TEMPO.CO, Jakarta - Presiden Joko Widodo secara terang-terangan meminta kepada para pembantunya agar tidak membuat kegaduhan. Hal itu disampaikan Jokowi saat membuka sidang kabinet paripurna, di Istana Negara, Jakarta, Senin, 2 Oktober 2017.
Kepala negara mengatakan tahun depan merupakan momen politik karena ada sejumlah agenda pemilihan kepala daerah dan tahapan pemilihan calon presiden dan wakil presiden. Karena itu Jokowi memerintahkan kementerian dan lembaga agar tidak melakukan kegaduhan. “Jangan melakukan hal-hal yang menimbulkan kontroversi. Kita bekerja saja sudah,” ujarnya.
Baca : Jokowi Mengaku Sudah 3 Kali Nonton Film G-30-S/PKI
Di tengah peristiwa politik yang ramai, menurut Jokowi, penting bagi pemerintah menjaga ketenangan di masyarakat. Jokowi meminta agar para pemimpin menjaga tutur kata dan tidak membuat publik khawatir serta bingung. “Semua permasalahan antarlembaga selesaikan secara kondusif,” katanya.

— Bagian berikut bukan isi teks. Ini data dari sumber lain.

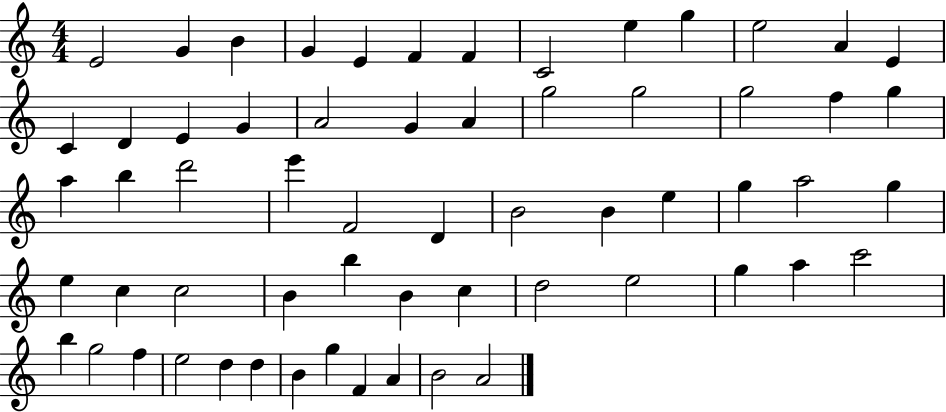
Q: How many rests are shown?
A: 0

Semua menteri dan kepala lembaga hadir dalam sidang kabinet paripurna. Panglima Tentara Nasional Indonesia (TNI) Jenderal Gatot Nurmantyo dan Kepala Kepolisian RI Jenderal Tito Karnavian pun ikut dalam sidang tersebut.
Baca : Istana: Pertemuan Jenderal Gatot dan Jokowi Tidak Bahas Senjata
Selain mengingatkan soal tahun politik di 2018, Presiden Jokowi meminta agar penggunaan anggaran pendapatan belanja negara tahun depan dialokasikan untuk menekan angka kemiskinan. “Sekali lagi sebagai kepala pemerintahan, kepala negara, panglima tertinggi angkatan darat, laut, dan udara, saya perintahkan fokus pada tugas masing-masing,” ucapnya.

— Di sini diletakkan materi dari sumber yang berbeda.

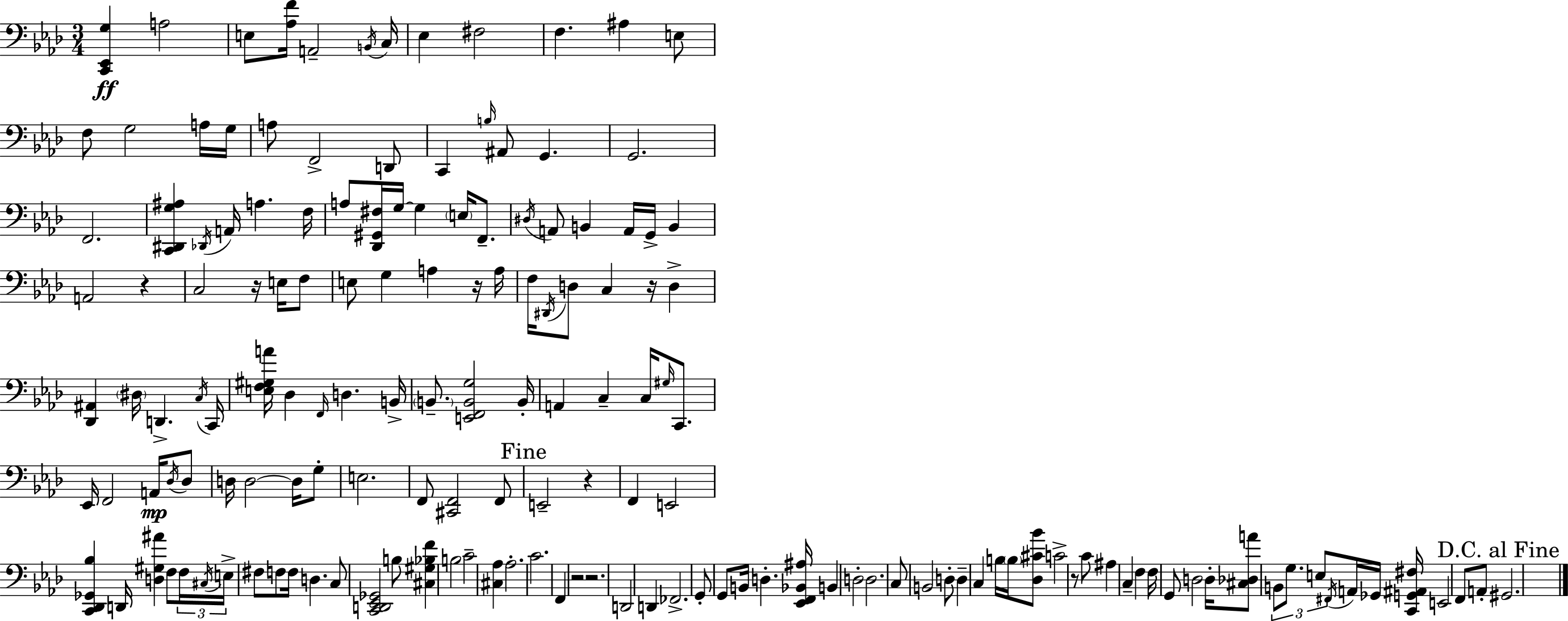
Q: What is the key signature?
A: AES major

Ia menyebut bila persoalan di tingkat menteri atau lembaga tidak tuntas maka harus dibawa ke level menteri koordinator. Namun bila belum tuntas juga bisa dibahas ke Wakil Presiden Jusuf Kalla. “Masih belum selesai, bisa ke saya,” tuturnya.

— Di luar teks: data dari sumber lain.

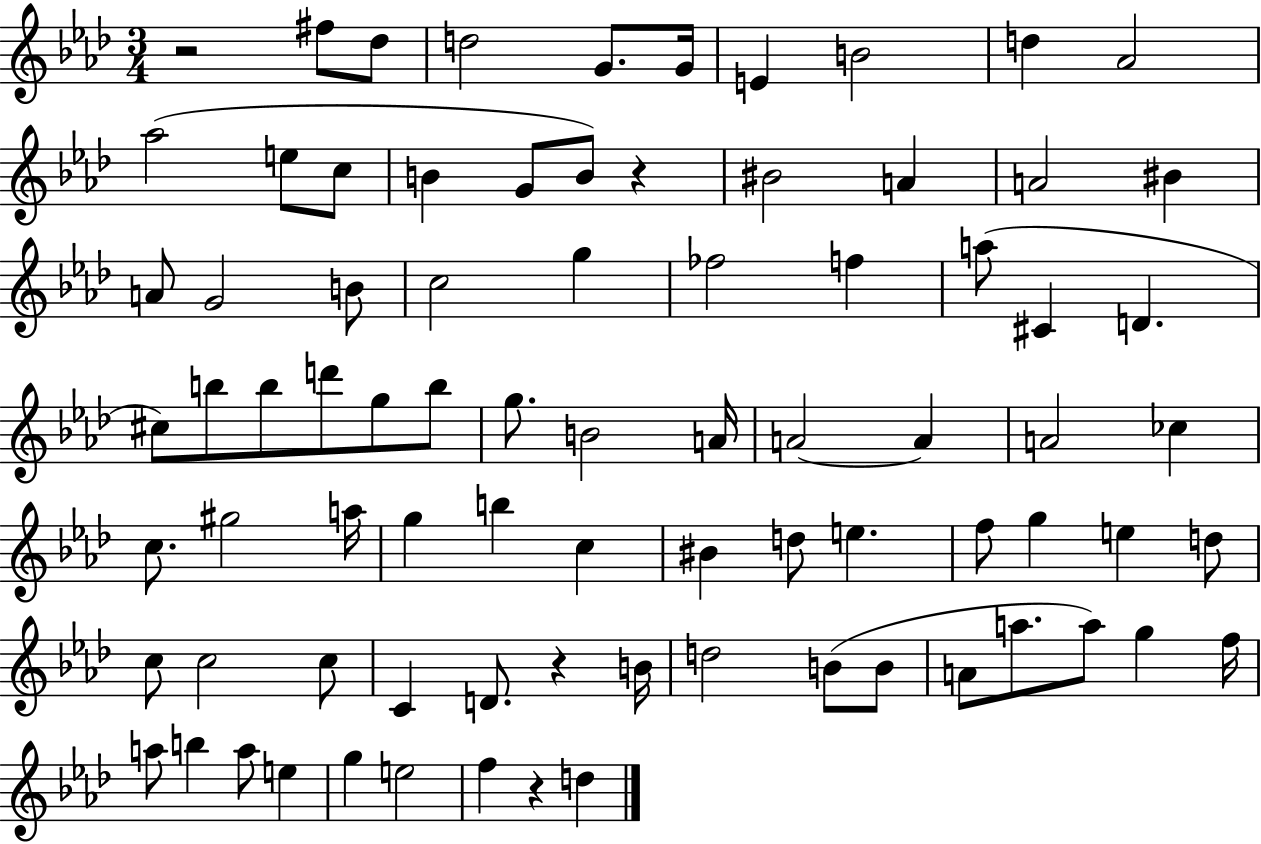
R/h F#5/e Db5/e D5/h G4/e. G4/s E4/q B4/h D5/q Ab4/h Ab5/h E5/e C5/e B4/q G4/e B4/e R/q BIS4/h A4/q A4/h BIS4/q A4/e G4/h B4/e C5/h G5/q FES5/h F5/q A5/e C#4/q D4/q. C#5/e B5/e B5/e D6/e G5/e B5/e G5/e. B4/h A4/s A4/h A4/q A4/h CES5/q C5/e. G#5/h A5/s G5/q B5/q C5/q BIS4/q D5/e E5/q. F5/e G5/q E5/q D5/e C5/e C5/h C5/e C4/q D4/e. R/q B4/s D5/h B4/e B4/e A4/e A5/e. A5/e G5/q F5/s A5/e B5/q A5/e E5/q G5/q E5/h F5/q R/q D5/q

Sepanjang September, ada berbagai peristiwa politik yang ramai muncul ke permukaan. Salah satunya ialah kontroversi pemutaran kembali film Pengkhianatan G-30-S/PKI dan isu adanya impor 5.000 senjata ilegal. Dua institusi keamanan, yaitu TNI dan Kepolisian Republik Indonesia menjadi sorotan publik saat isu impor 5.000 senjata ramai dibahas di media sosial.